Delibera del Consiglio Comunale del 17 giugno 2009 n° 167

(cfr. mozione consiliare sulla Fondazione del 2009). E allora bisogna ristabilire la distanza, in modo da rassicurare i partiti e i movimenti che lo sostengono. Già, ma chi lo sostiene? Tutto è in movimento: La Lega sta perdendo consenso elettorale, Forza Italia si sta avvicinando al governo, il Pd non solo tiene ma sta aumentando i consensi così come i Cinquestelle. Infine, Conte sembra abbia ottenuto dall’Unione europea quello che fino a poco tempo fa sembrava  impossibile.
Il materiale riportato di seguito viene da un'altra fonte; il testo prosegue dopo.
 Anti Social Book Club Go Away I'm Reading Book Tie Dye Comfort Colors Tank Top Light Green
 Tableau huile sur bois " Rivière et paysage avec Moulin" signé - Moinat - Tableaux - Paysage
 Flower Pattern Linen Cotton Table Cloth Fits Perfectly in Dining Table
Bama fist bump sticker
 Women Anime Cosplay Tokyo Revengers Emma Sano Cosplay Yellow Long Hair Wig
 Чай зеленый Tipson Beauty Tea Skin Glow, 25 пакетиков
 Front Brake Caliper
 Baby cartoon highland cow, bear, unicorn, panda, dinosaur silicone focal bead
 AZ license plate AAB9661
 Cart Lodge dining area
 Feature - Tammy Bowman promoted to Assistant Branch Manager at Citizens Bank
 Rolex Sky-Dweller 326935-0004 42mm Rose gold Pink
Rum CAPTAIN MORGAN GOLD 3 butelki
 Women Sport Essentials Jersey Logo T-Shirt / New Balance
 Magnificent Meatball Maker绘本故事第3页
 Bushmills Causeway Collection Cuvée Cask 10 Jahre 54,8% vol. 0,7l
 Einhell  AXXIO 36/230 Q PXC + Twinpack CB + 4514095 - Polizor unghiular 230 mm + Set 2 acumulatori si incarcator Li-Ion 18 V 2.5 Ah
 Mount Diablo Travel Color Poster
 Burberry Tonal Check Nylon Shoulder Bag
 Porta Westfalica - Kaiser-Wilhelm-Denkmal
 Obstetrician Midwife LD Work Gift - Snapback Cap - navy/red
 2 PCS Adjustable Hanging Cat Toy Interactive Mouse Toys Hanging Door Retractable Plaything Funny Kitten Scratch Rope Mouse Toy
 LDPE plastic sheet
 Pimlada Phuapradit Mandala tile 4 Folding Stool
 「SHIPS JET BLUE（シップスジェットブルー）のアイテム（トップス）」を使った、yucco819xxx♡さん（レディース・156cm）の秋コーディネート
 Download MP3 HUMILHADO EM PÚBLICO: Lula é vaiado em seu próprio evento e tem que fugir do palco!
In più tutti noi stiamo aspettando che la Lombardia, sul coronavirus, si riallinei al resto del Paese. Ma ve lo ricordate l’attacco di Salvini e De Mossi al governo della Regione Toscana? Visto oggi, a confronto di regioni amministrate dal centrodestra come la Lombardia e il Piemonte fa sorridere. La Toscana, come tutti sanno, andrà a votare ad ottobre, mentre il progetto per il centrodestra annunciato e caldeggiato dallo stesso sindaco di Siena è fallito ancora prima di nascere. In questo scenario assistiamo alla delusione del primo cittadino per le nomine fatte al Monte, critiche anche comprensibili, tuttavia ognuno in casa sua fa ciò che vuole, come abbiamo visto da noi. E poi era proprio necessario far sapere al mondo intero che Siena è ancora una volta isolata, che non tiene rapporti né con la Regione, né con il governo? Quelli con la Provincia sono di facciata. Come si pensa di interloquire con un ministro quando le decisioni sulla banca verranno al pettine? Attaccandolo? Ah già!  Si spera in un ritorno di Salvini al governo, ma chissà se Giorgetti  sarebbe d’accordo. La capacità di gestione istituzionale, in quanto rappresentativa della generalità dei cittadini, richiederebbe altre accortezze. Intanto, mentre il sindaco si cimenta con le messe in mora, i droni hanno ripreso a volare, le mascherine sono diventate obbligatorie e le tensioni delle persone, in particolare quelle rimaste senza un lavoro, sono aumentate.